I discovered 2 months ago that a large site I work on had not been indexed by Google for A Long Time. When I say not indexed, I mean that, when I search for this site, pages on a certain subdomain had a Cached date from many months ago.
I’ve learned a lot while trying to fix this problem, so I thought I’d share it here.
If your cached date is significantly in the past, then one of two things is happening:
- Google is not crawling
- Google is crawling but not indexing
Google is not crawling
First, check your robots.txt. If you have it, it could have an error in it. Even if you do not have it, it could still be your problem.
Sign up for Google Webmaster Tools, verify your site, and see if Google reports any errors in Tools > Analyze robots.txt.
If it reports errors, then your path is obvious.
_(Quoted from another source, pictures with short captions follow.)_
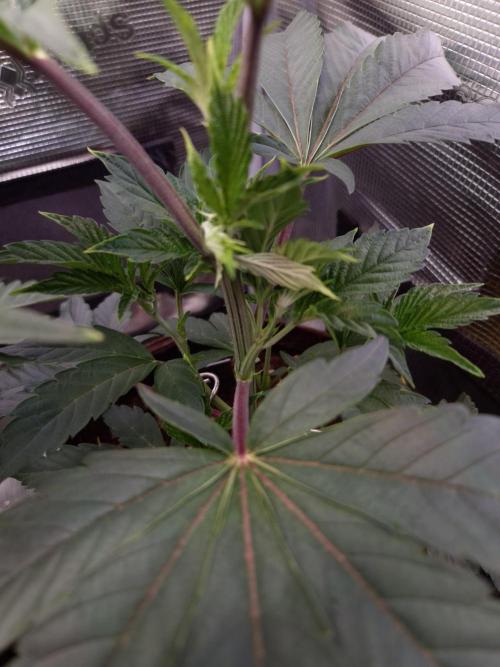 • Truffle • Rosa •. Week 6 - D42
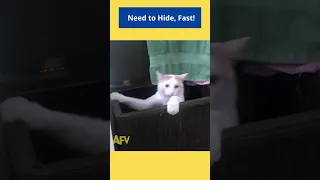 Bond.. cat Bond… #shorts #jamesbond #americasfunniestvideos #trending #catsoftiktok #cats #funny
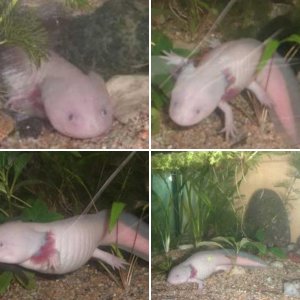 YUYU MY AXOLOTL
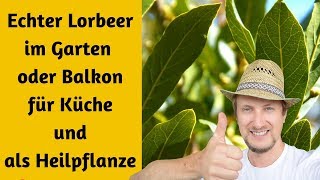 Echter Lorbeerstrauch 🌿 auf meinem Balkon Garten 👍 [upl. by Yllehs]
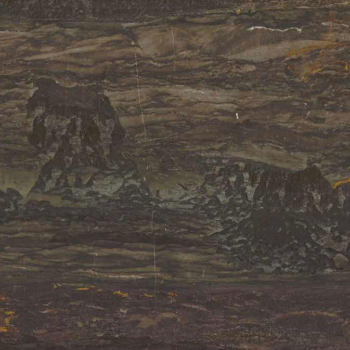 安第斯山水画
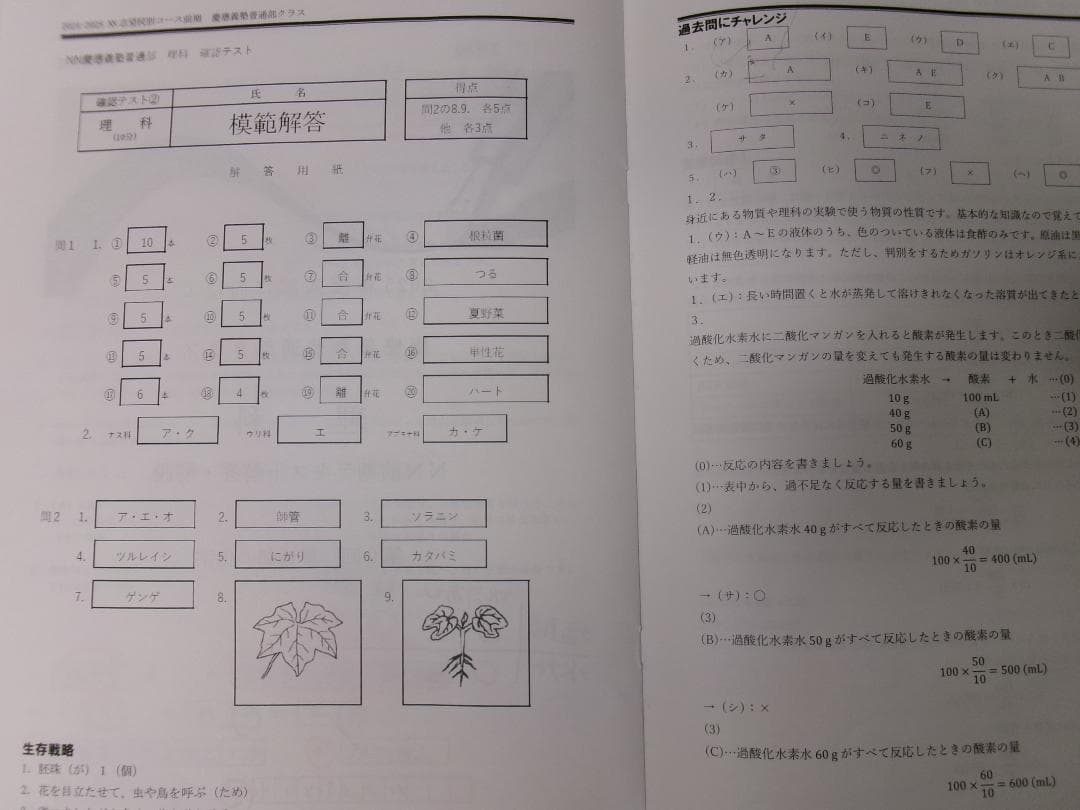 早稲田アカデミー＊６年＊ＮＮ前期＊慶應義塾普通部／理科＊全６回完全版＊２０２４年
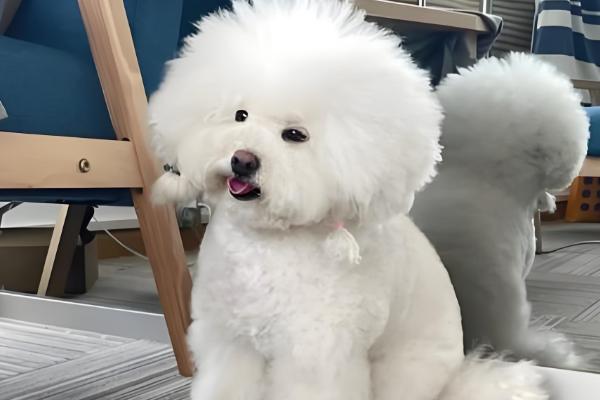 狗毛打结成硬疙瘩的原因,一般是长期未打理、发生皮肤病所致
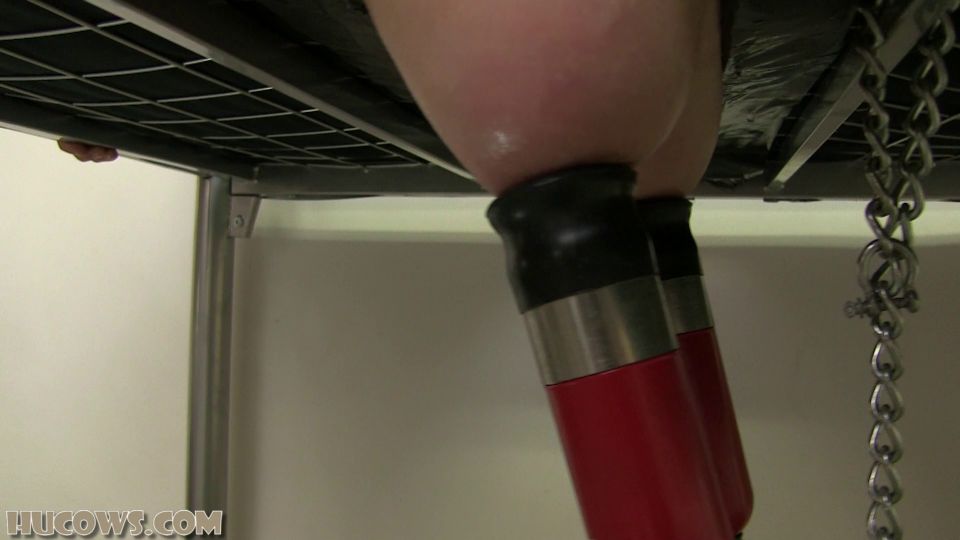 online video 20 Vina milking bed & cow milker [Full HD 813.3 MB], nimin fetish fantasy on fetish porn 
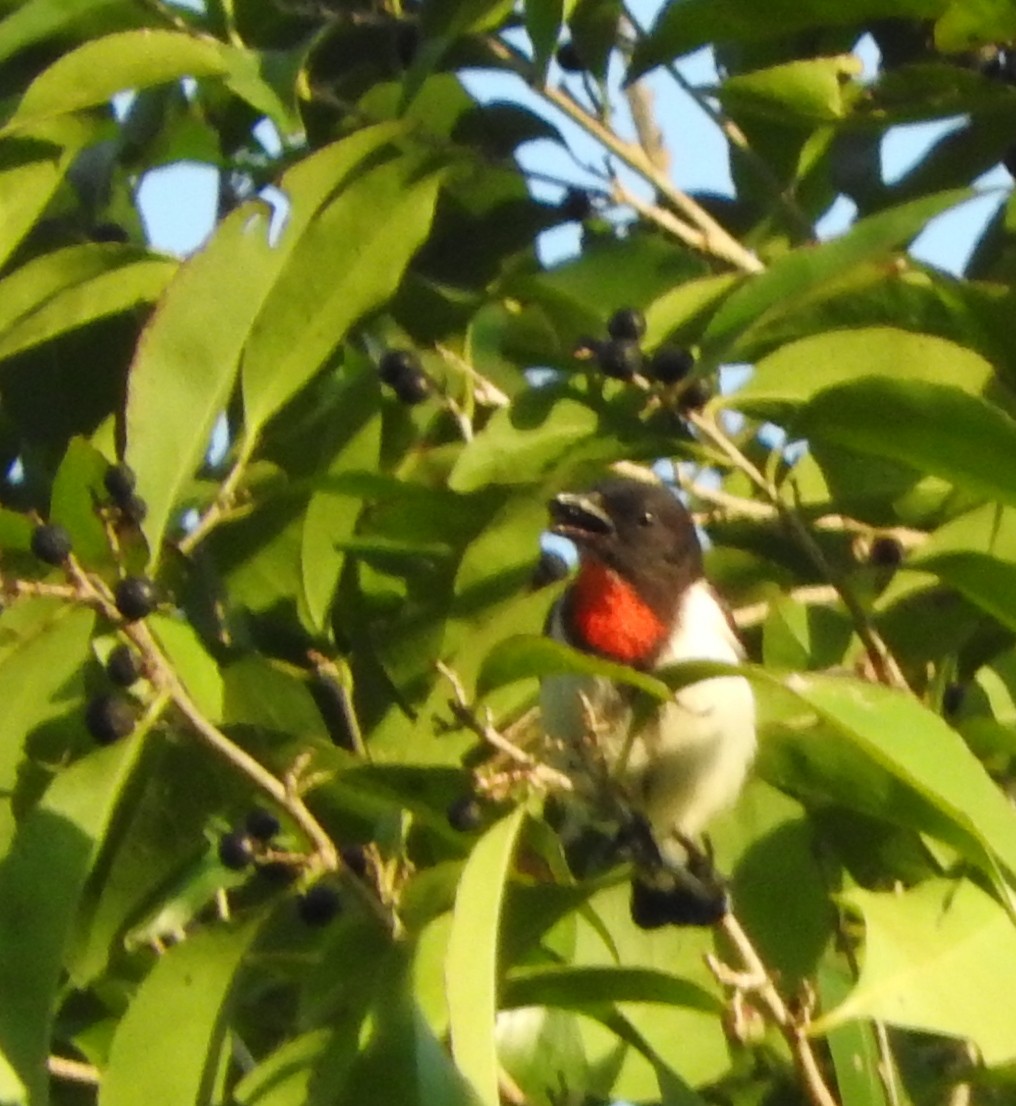 Red-chested Flowerpecker - ML182897321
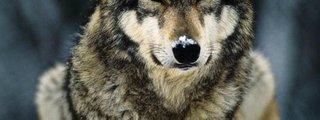 ¿Cual seria tu animal espiritual?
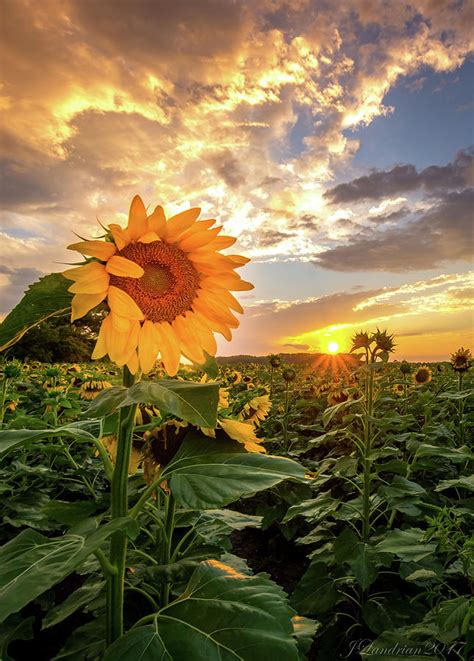 Sunflowers Sunset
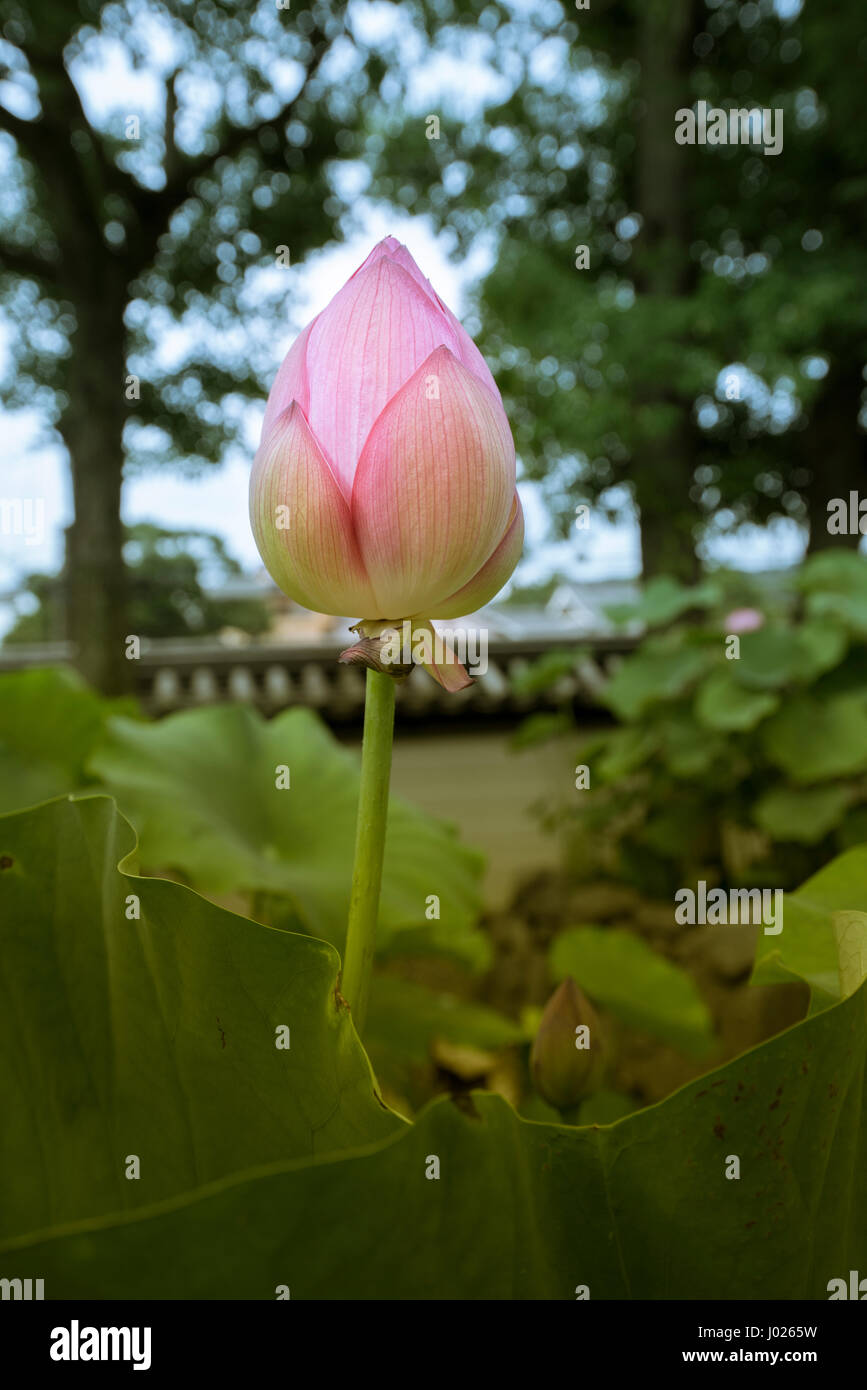 Les feuilles de lotus,jardin de Nishi Hongan-ji, Kyoto, Banque D'Images
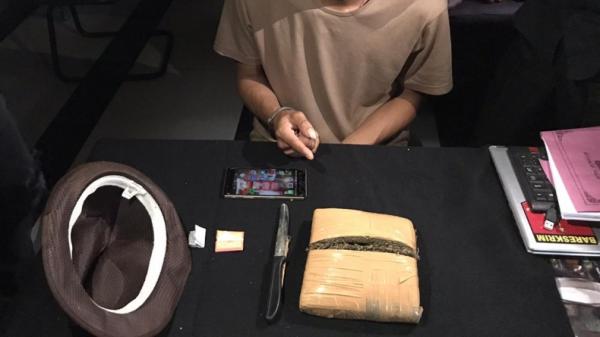 Ganja Narkoba ganja yang diamankan dari tangan pegawai honorer damkar OKU (Widori Agustino/iNews)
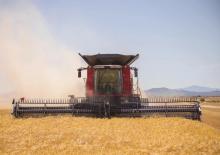 Combine agricole Case IH Axial Flow 6160 
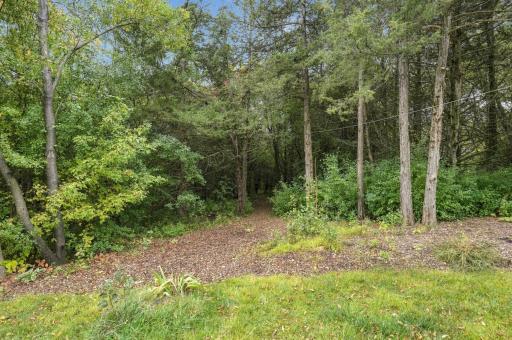 3+ acres of land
If it does not, then look at the Status.
Network unreachable: robots.txt unreachable
Your ISP may be blocking the Googlebot. It can make so many crawling requests than an ISP may mistake them for ‘abuse’. Talk to your ISP or system administrator to see if they are blocking IPs in the 66.249. range. (You should research other IP blocks for the Googlebot, as they could change any time.)
If your ISP swears this isn’t the case, but you don’t see the Googlebot in your server logs, keep asking them until they’re sure and extremely sick of you. These logs can be found in /var/log/httpd on an Apache system.
Please check back later.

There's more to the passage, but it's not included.